Praveen Ellupai Asthagiri discusses the intersection of consumer and enterprise AI, highlighting their converging paths and the importance of governance and usability in AI design.

Insights on AI from Praveen Ellupai Asthagiri

In the last few years, AI has moved from a curiosity to something people expect in both their living rooms and their work tools. Voice assistants sit in speakers, TVs, and phones, handling billions of interactions every day, with an estimated 8.4 billion assistants now in use worldwide. At the same time, enterprises are racing to operationalize generative AI across functions, with global organizations projected to spend hundreds of billions of dollars on AI solutions over the next few years. Those two worlds often look separate from the outside. Consumer AI is judged on convenience and delight. Enterprise AI is judged on compliance, uptime, and measurable return. In practice, the best programs increasingly borrow from both. Principal Technical Program Manager Praveen Ellupai Asthagiri, sits exactly at that intersection.
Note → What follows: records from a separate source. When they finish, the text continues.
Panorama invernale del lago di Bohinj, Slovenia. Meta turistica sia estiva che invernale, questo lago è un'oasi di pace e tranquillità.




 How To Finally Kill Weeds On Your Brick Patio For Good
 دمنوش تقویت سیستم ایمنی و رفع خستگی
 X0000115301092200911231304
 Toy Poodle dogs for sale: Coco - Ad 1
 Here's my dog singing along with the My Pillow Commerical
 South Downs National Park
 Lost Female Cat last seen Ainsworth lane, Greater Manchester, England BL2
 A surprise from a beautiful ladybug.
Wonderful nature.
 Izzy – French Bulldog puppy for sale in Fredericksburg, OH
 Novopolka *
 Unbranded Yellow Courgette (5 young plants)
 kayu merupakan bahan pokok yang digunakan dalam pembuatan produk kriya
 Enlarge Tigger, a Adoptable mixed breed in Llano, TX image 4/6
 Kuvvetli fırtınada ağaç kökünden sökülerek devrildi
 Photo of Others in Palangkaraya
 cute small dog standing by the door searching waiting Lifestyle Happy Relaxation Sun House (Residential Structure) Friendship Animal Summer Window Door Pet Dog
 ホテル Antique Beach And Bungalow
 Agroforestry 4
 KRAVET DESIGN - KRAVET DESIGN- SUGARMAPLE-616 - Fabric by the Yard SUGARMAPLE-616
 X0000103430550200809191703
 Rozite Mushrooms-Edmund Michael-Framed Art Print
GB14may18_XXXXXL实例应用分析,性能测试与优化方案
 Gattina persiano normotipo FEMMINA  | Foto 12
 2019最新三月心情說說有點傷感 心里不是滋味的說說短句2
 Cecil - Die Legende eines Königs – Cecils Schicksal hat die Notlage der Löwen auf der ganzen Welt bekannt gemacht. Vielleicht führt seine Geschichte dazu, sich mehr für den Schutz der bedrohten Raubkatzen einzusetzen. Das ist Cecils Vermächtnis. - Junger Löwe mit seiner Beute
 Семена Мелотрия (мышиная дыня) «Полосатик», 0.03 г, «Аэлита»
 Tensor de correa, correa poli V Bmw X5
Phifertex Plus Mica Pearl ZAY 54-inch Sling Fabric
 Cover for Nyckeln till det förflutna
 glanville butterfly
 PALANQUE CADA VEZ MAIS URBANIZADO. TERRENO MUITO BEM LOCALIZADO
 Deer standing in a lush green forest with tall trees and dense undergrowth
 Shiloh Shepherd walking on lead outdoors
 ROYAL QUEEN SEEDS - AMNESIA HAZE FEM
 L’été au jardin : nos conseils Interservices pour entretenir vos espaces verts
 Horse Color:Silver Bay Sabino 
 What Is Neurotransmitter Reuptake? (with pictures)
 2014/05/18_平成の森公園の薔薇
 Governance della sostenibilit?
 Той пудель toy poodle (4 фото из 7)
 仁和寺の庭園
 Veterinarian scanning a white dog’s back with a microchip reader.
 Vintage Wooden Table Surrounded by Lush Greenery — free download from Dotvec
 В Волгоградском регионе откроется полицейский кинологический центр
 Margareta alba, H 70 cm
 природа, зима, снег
With more than 16 years of experience in AI and machine learning, conversational technologies, and enterprise transformation, he has led large scale GenAI personalization initiatives and monetization programs with more than $450 million in impact for a global consumer AI assistant, while also driving cross-organizational governance models and digital modernization projects for enterprises. In this conversation, we spoke with Praveen about what consumer and enterprise teams get wrong about each other, where their paths are converging, and how his work on interaction history, personalization, and monetization informs both sides.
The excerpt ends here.